“Se você quer pegar um peixinho,
pode ficar em águas rasas.
Mas se quer um peixe grande,
terá que pescar em águas profundas”
David Lynch
E aí, eu resolvi escrever um livro.
Porque não dava mais para ficar calada, não dava mais para ficar parada.
Não dava mais para sentir e não registrar. Mas também não dava para registrar só as coisas que eu sentia na superfície. Era preciso ir mais fundo, era preciso ter coragem, era preciso tomar uma decisão.
Foi preciso dar um salto na escuridão.
E foi assim que a ideia do livro nasceu. Do desespero. Do choro vazio das coisas que se perdem sem sentido. Da falta absoluta de outra escolha que não fosse escrever. A ideia do livro nasceu da aflição da existência. Essas coisas que vem de um lugar muito estranho nos artistas. Das vísceras. De um profundo tão difícil de explicar quanto a própria existência.
E o salto na escuridão aconteceu. Não como quem se mata. Mas como quem renasce.
E desde então, escrevo sem parar. Há meses me sinto voando. Tentando não reler nada, não criticar nada. Tentando segurar a língua ferina do ego que pode silenciosamente me plantar a dúvida. Às vezes choro enquanto escrevo. Às vezes rio. Às vezes sinto uma clareza absoluta. Muitas vezes me perco. Mas lembro de Clarice quando ela diz: “perder-se também é caminho”.
Escrevo à mão. Jamais no computador.
E por vezes, me vejo como uma médium espírita incorporada, psicografando algo do além. Porque escrevo depressa, com os olhos semicerrados. Uma mão na caneta e outra segurando a cabeça, que pesa com tantas ideias e sentimentos. Numa urgência estranha, dessas que faz a gente achar que não tem mais tempo, porque talvez vá partir. Não para a morte. Mas para o parto. De algo que precisa desesperadamente nascer.

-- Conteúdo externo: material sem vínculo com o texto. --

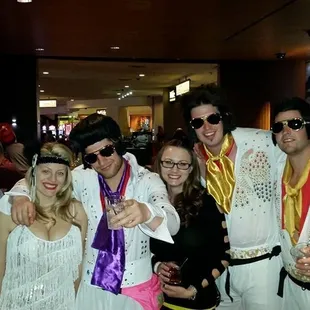 Envision Vegas' Halloween Crawl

Esses últimos meses tem sido maravilhosos e sofridos. Na mesma proporção. Porque o meu escrever é simples, mas a tradução não é. Ela requer entrega. Verdade. Coragem. Ela requer uma escuta muito, muito apurada de um mundo invisível. O mundo paralelo das memórias. Tenho visitado lembranças de tempos remotos. Coisas da infância, da juventude, da luz e da sombra que já habitei. Da alegria e da dor. Do fácil e do terrivelmente difícil de ser visto. Mas é isso. Não consigo fazer diferente. Minha escrita é o que é e isso está posto.

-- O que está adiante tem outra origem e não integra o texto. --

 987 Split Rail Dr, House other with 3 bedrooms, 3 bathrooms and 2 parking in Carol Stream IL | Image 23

Talvez eu nunca tenha me sentido tão feliz. E tão confusa. E eufórica. Mas eu agradeço.
Estou livre.
Sou um pássaro voando alto no céu de muitas nuvens. Me sinto o próprio vento, ventando ventanias. A chuva que chove abundante para encharcar a terra de tudo aquilo que ela precisa.
Estou livre. Porque pela primeira vez escrevo livremente.
Não sei se chegarei a algum lugar. Não sei se esse livro poderá ser compreendido. Não sei nem se algum dia conseguirei organizar tantos manuscritos. Não posso pensar nisso agora.
Se eu rezo para que esse livro termine?
Sim.
Eu rezo para que esse livro termine. Assim como rezo para ver minhas filhas crescidas e criadas para que possam voar sem mim. Assim como rezo para envelhecer lúcida, para que possa contar aos meus netos tudo que vivi. Rezo por saúde e a mínima compreensão do mundo antes de partir.
É.
Eu resolvi escrever um livro.
E isso está mudando tudo, dentro e fora de mim.
Que assim seja. E assim é.
Que lindo Tati…👏👏👏👏😘
<3
eu te amo incondicionalmente. conte com o meu colo para te acolher nos momentos difíceis e nos incríveis. você é o ser humano mais lindo que existe. beijos, sua filha mais velha <3
Huuum… cheirinho de livro no ar… Maravilhosidades da Tati! Amada,mergulhando profundo juntinho!